(Source material Opens)

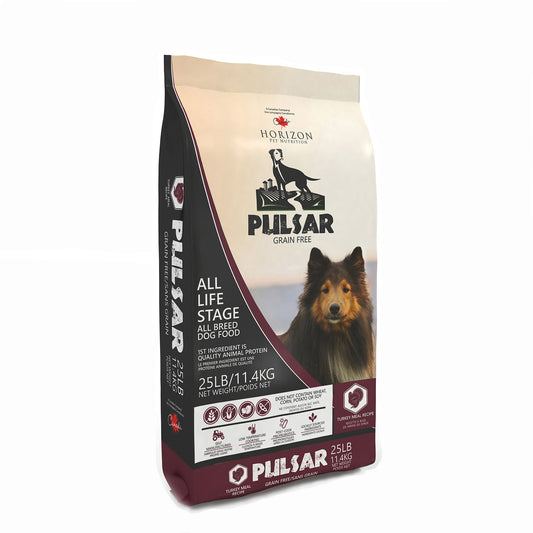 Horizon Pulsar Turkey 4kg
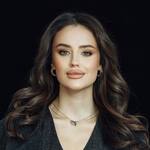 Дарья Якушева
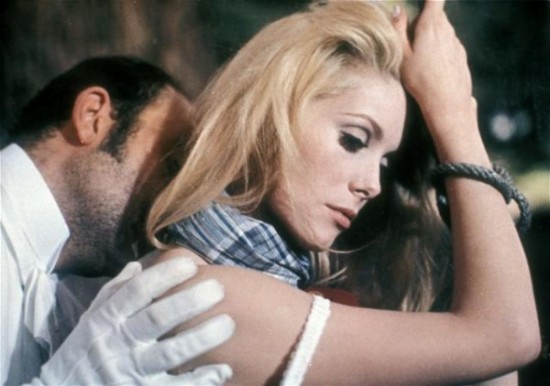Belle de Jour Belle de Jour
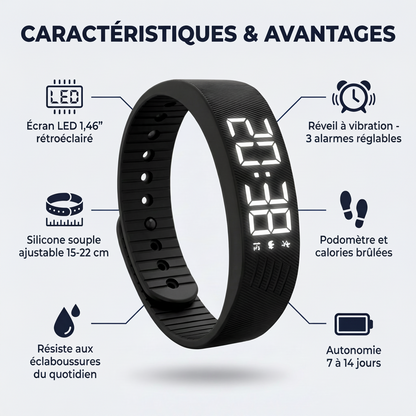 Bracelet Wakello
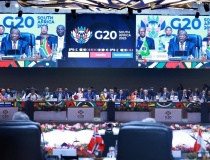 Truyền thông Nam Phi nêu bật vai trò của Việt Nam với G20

(Source material Closes)

Requirement:
What belongs in the answer is each line above, reproduced exactly, and no picture.

Response to this task:
 Horizon Pulsar Turkey 4kg
 Дарья Якушева
Belle de Jour Belle de Jour
 Bracelet Wakello
 Truyền thông Nam Phi nêu bật vai trò của Việt Nam với G20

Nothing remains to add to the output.